§ DATA UNDER STUDY:
────
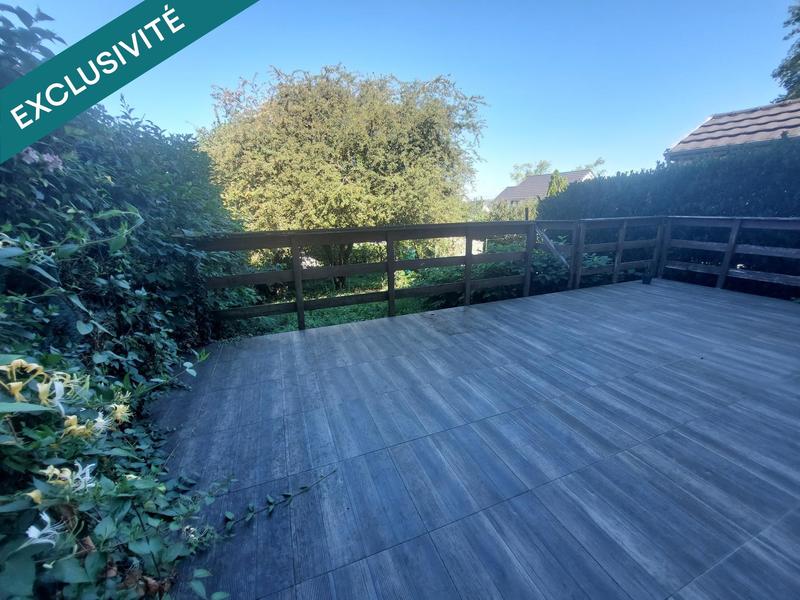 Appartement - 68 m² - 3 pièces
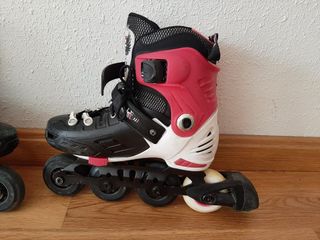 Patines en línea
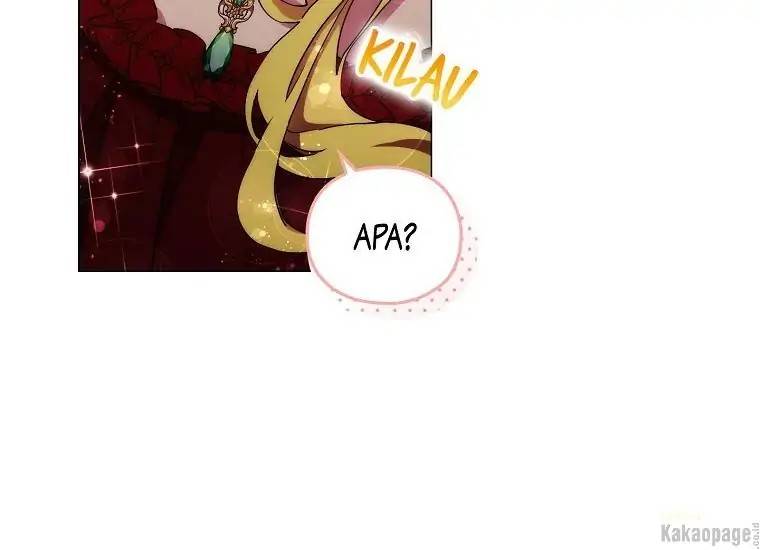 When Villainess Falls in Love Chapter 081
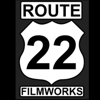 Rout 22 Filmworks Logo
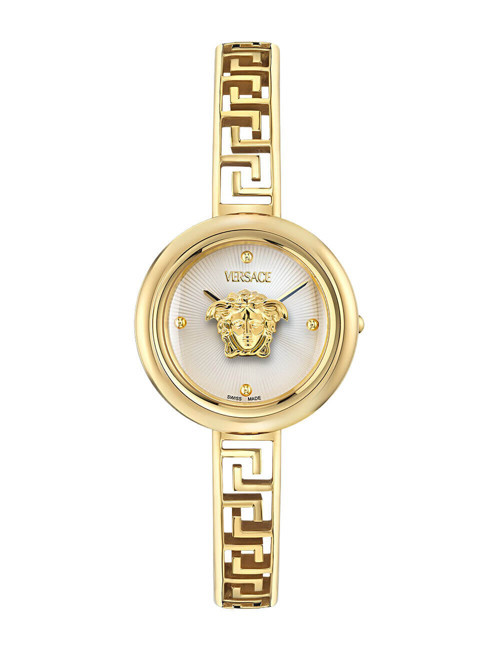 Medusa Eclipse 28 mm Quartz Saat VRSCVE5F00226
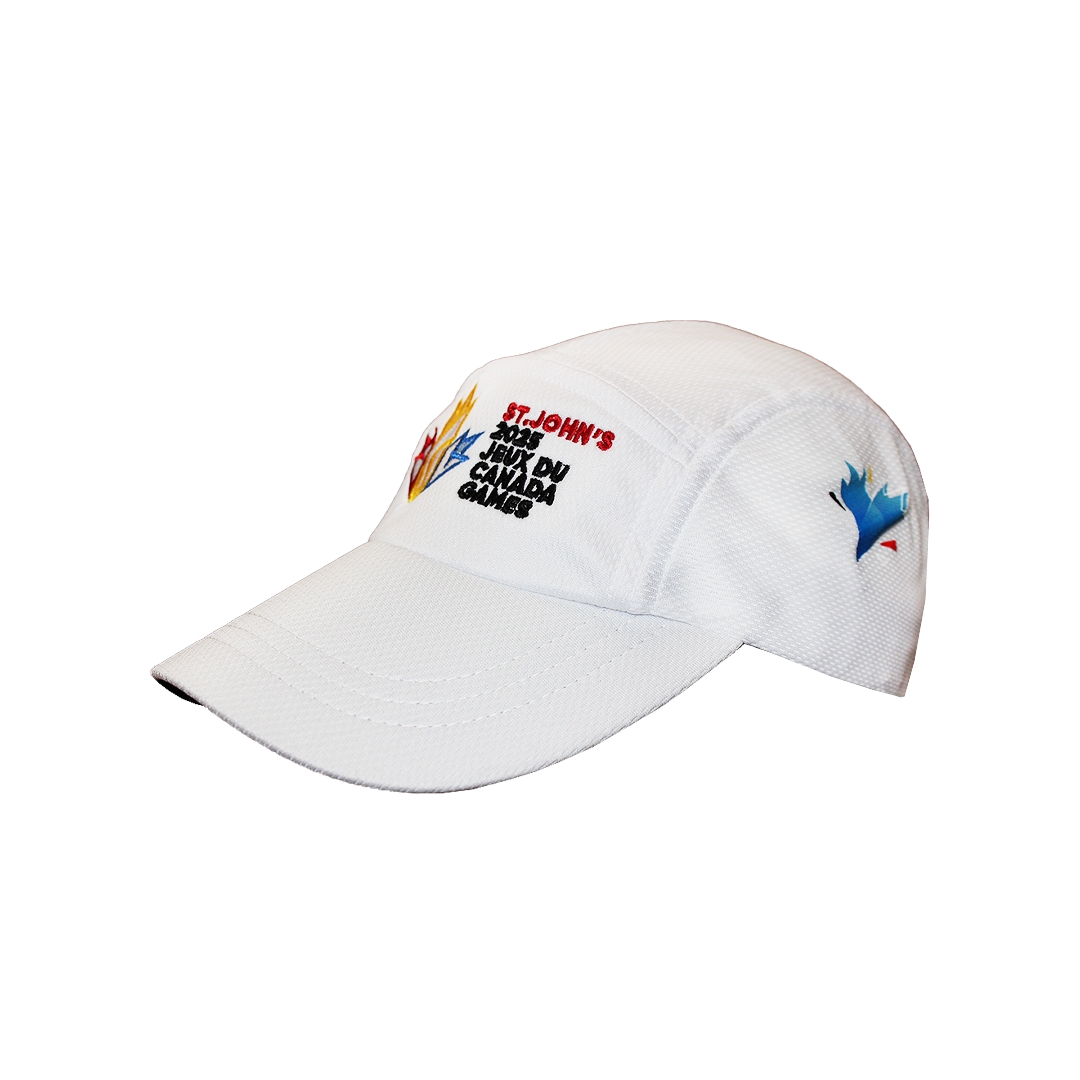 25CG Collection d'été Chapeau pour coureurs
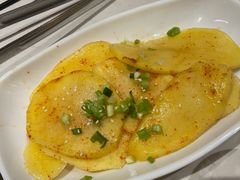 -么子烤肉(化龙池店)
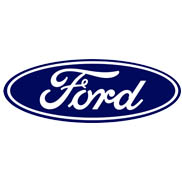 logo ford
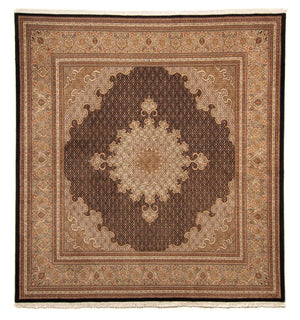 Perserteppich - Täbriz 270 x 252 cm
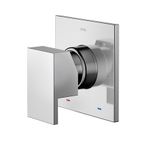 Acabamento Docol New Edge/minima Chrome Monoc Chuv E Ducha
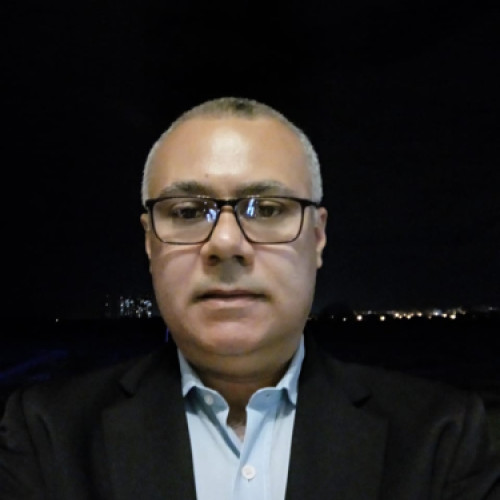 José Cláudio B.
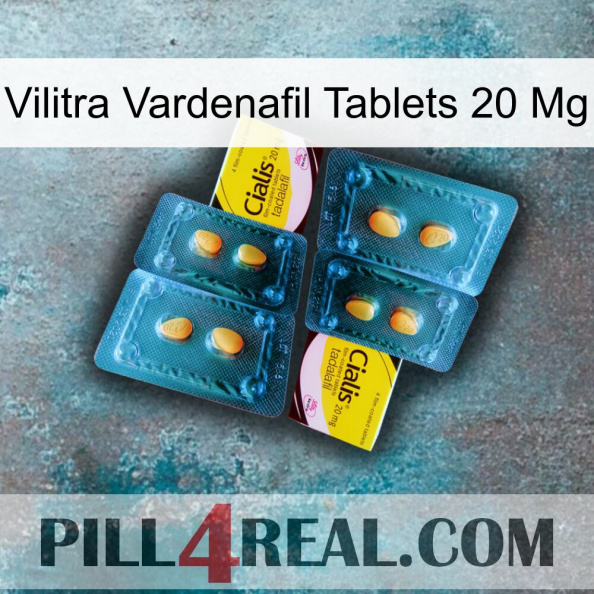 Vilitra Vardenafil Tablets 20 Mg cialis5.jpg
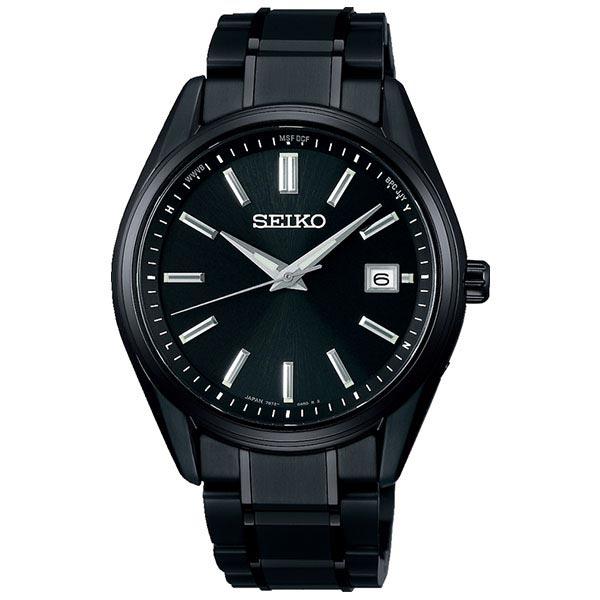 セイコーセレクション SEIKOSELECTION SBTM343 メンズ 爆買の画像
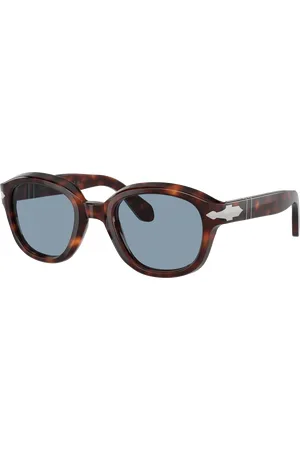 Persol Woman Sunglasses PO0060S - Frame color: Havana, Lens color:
────
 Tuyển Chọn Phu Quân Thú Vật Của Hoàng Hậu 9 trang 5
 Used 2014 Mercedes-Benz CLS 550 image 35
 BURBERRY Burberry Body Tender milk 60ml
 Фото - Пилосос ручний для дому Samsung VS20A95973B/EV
────
Leaving all pictures out, output exactly the lines of the material above from the line with "Perserteppich - Täbriz 270 x 252 cm" to the line with "Persol Woman Sunglasses", both included.

 Perserteppich - Täbriz 270 x 252 cm
 Acabamento Docol New Edge/minima Chrome Monoc Chuv E Ducha
 José Cláudio B.
 Vilitra Vardenafil Tablets 20 Mg cialis5.jpg
 セイコーセレクション SEIKOSELECTION SBTM343 メンズ 爆買の画像
 Persol Woman Sunglasses PO0060S - Frame color: Havana, Lens color:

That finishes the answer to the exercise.